Cream together the sugar and margarine. Beat in the tofu and then the coconut milk and vanilla. Add the flour, baking powder and salt and blend until just combined. Add the coconut and combine it using a spatula, careful to not over mix. Spread into 2 greased 9-inch round baking pans and bake for 25-30 minutes. Allow to cool.

*For gluten free, use 1 1/2 cups sorghum flour, 3/4 cup sweet white rice flour, 1/4 cup potato starch and 2 tsp guar gum instead of the white flour.

Almond Frosting:
2 ½ cups Powdered Sugar
2 – 4 Tb Coconut Milk
2 tsp Almond Extract
¼ cup Earth Balance Margarine

In a large bowl, blend together the sugar, almond extract and margarine. Add the coconut milk until the frosting is a consistency that is slightly softer than traditional frosting.

Chocolate Glaze:
2 cups Vegan Chocolate Chips
2 Tb Earth Balance Margarine
2 Tb Coconut Milk (or soymilk)
1 tsp Vanilla

Combine all the ingredients in a medium saucepan and heat on medium heat. As the chocolate melts, combine the ingredients to a smooth consistency with a fork. Turn down heat to the lowest temperature. Allow to cool on the lower heat so the chocolate is not hot. A double broiler can also be used.

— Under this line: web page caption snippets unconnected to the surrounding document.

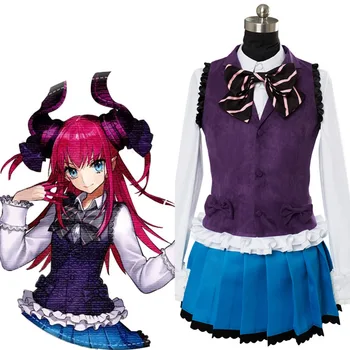 

[STOCK]2018 Anime Fate Extella Link Elizabeth Bathory Girl Dress Skirt Suit Cosplay Costume For Halloween Carnival Free Shipping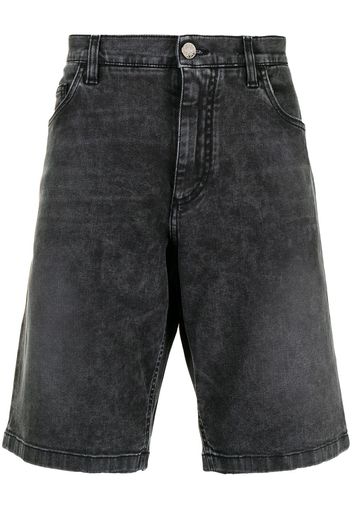 Dolce & Gabbana stonewash knee-length denim shorts - Grigio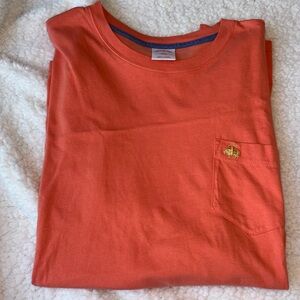 Orange Brooks Brothers Short Sleeve T shirt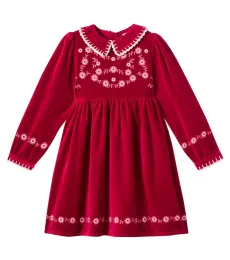 Vestido Millie de algodón y lino bordado Vestido Millie de algodón y lino bordado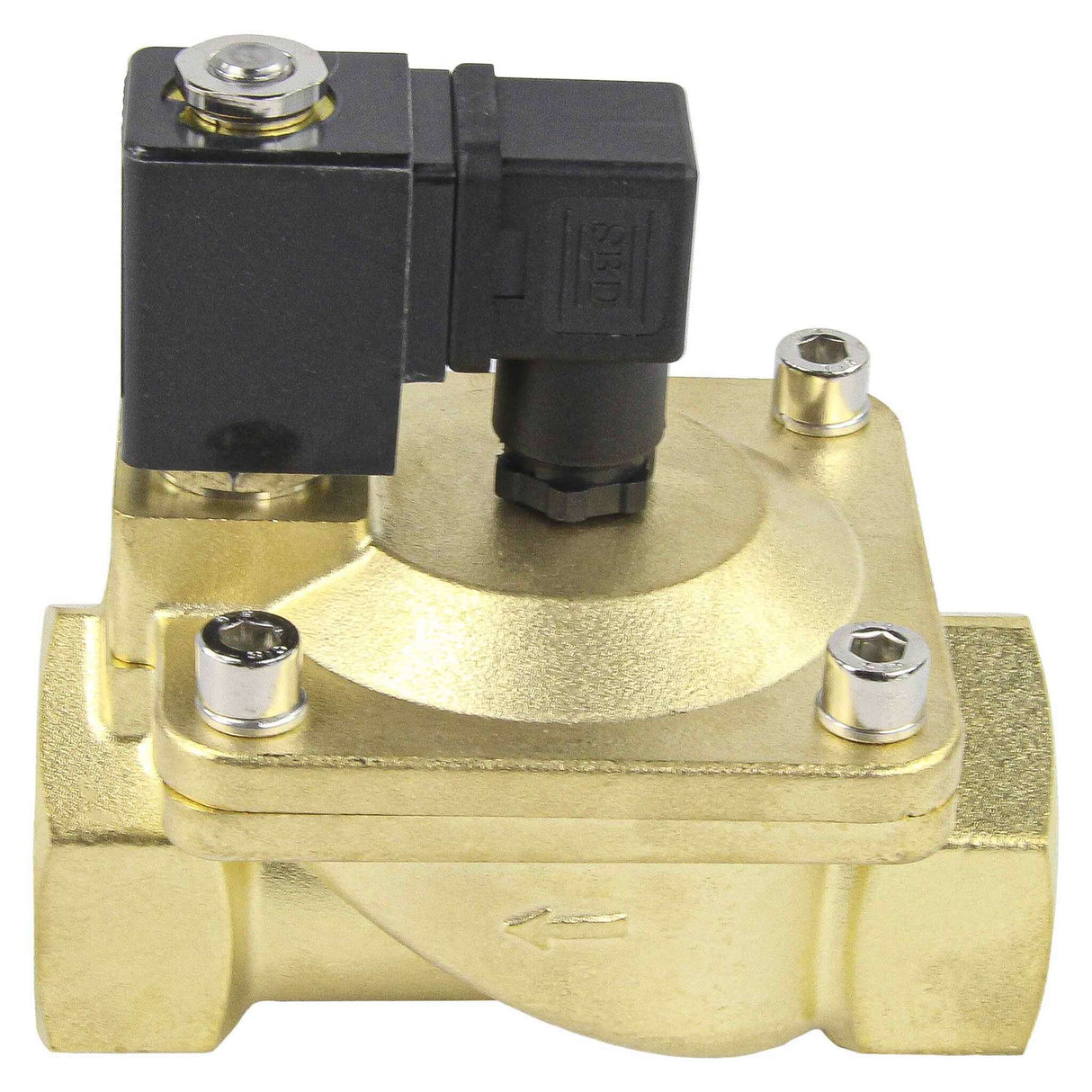 Solenoid valves Elephant VS400-VT-NC-220VAC DN10-50 10 bar body - brass, pilot action, threaded, normally closed, seal VITON, 220V coil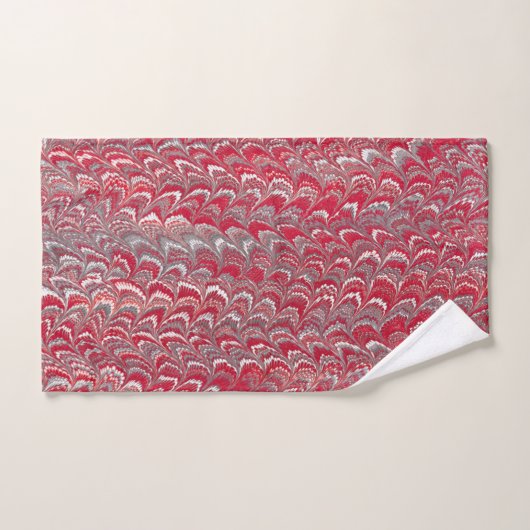 Moderne Abstracte gemarmerde textielverf Bad Handdoek (Handdoek)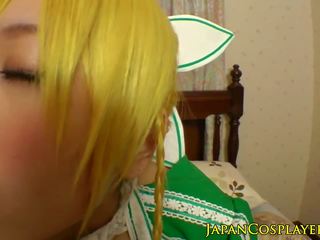 日本语 角色扮演 美女 如 leafa 在 pov 行动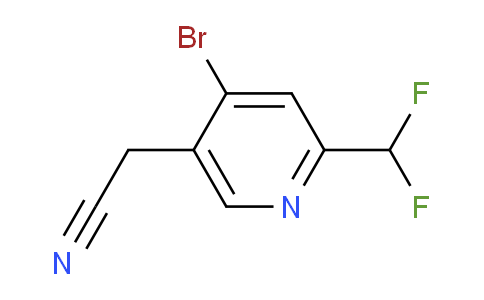 AM141139 | 1805201-99-3 | 4-Bromo-2-(difluoromethyl)pyridine-5-acetonitrile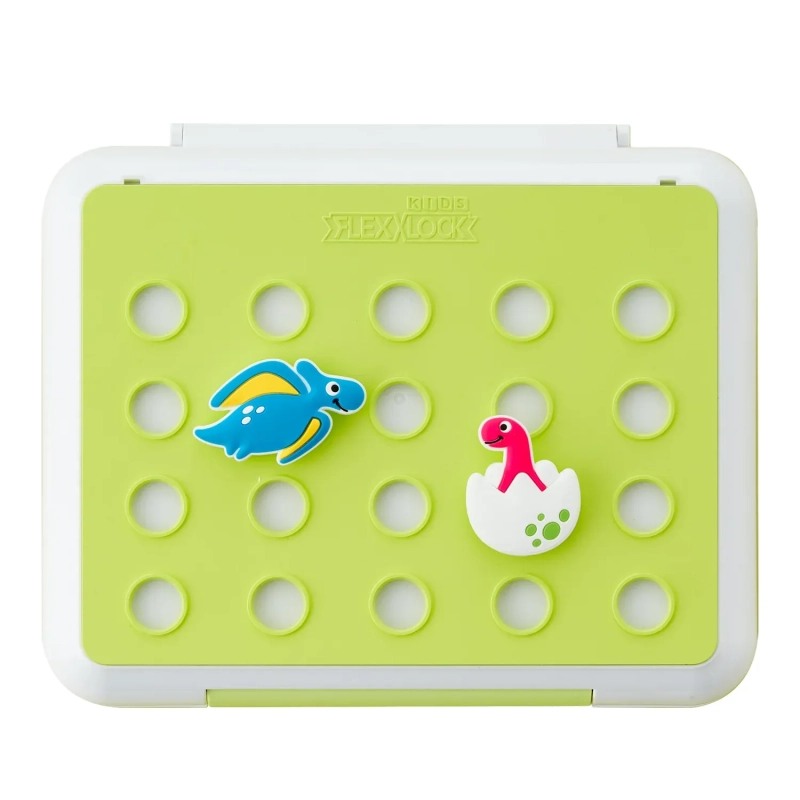 Adorable Baby Dino FlexCharmz &ndash; Dinosaur Edition Silicone Accessory for Bento Box &amp; Cutlery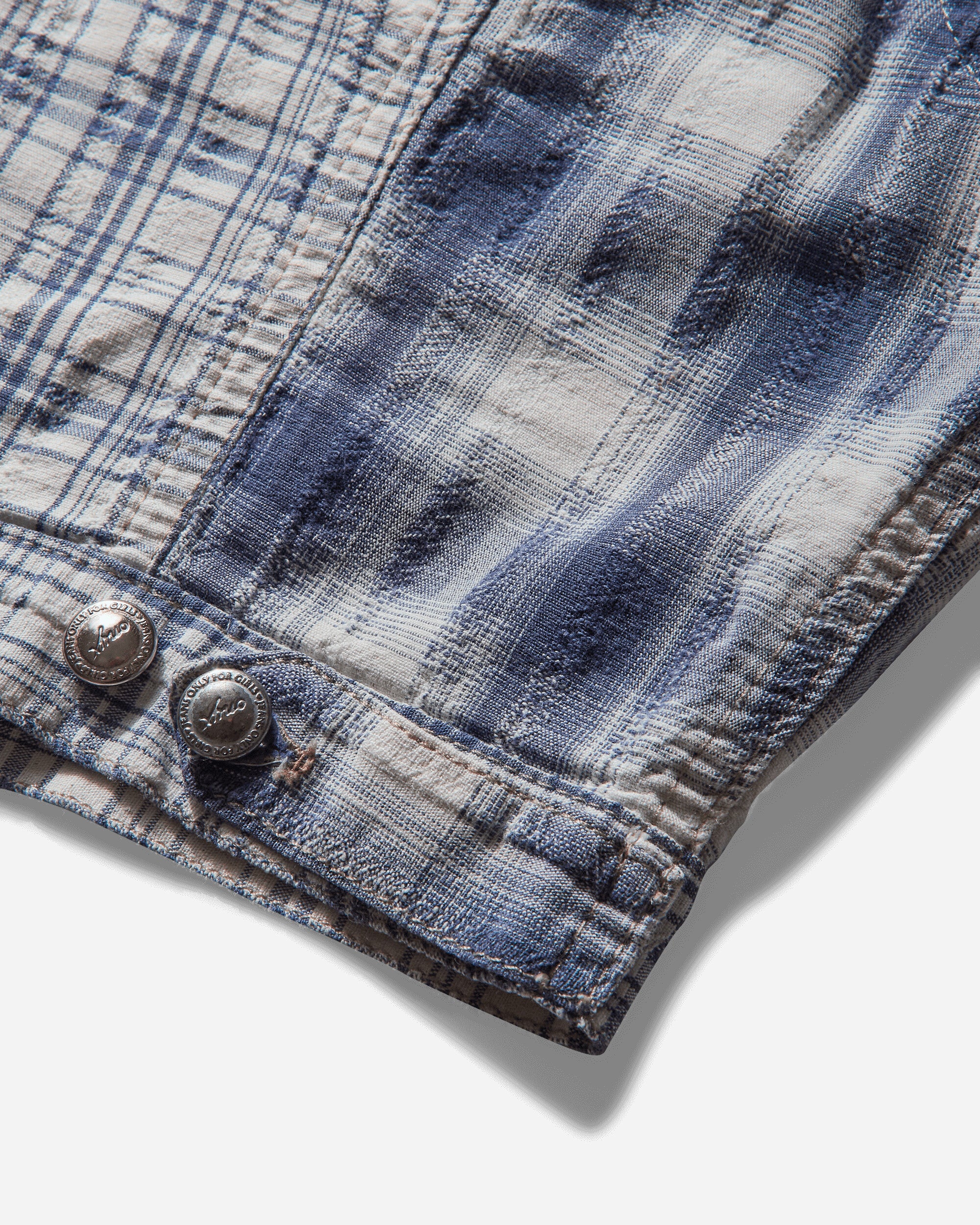 Women's Checked Top White - Image 4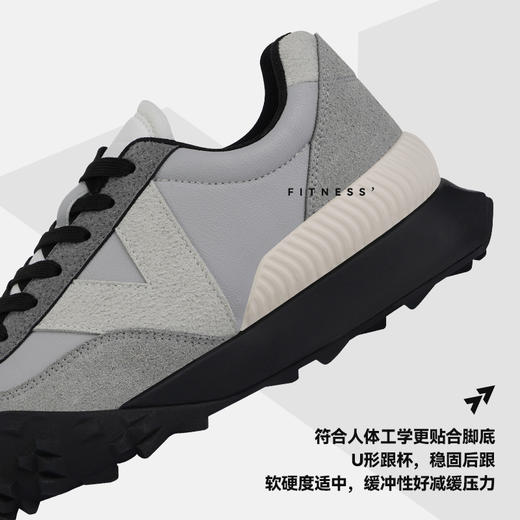 istep夏季新款女款休闲板鞋反绒拼接低帮鞋潮流百搭女鞋 商品图2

Creating the cake balls: Prepare a large baking sheet with parchment paper or wax paper. Set aside. Crumble the cakes into the frosting bowl. Combine the crumbs and the frosting with a spatula. Once the frosting is evenly distributed to the cake crumbs, form it into cake balls and place on the baking sheet. Refrigerate about 1 hour to harden slightly. Take one cake ball at a time from the sheet and dip it in the chocolate with a toothpick, allowing all but the bottom of the cake ball to be covered. Set on parchment paper and continue with the rest of the cake balls. Once all cake balls have been chocolate covered, return to the refrigerator for at least 1 hour. After 4 hours, store in a sealed container for up to 5 days.

1 comment:

Anonymous said...

Absolutely the best!!! Thanks Chelsea for the sweet treat. I love your vegan flavor :)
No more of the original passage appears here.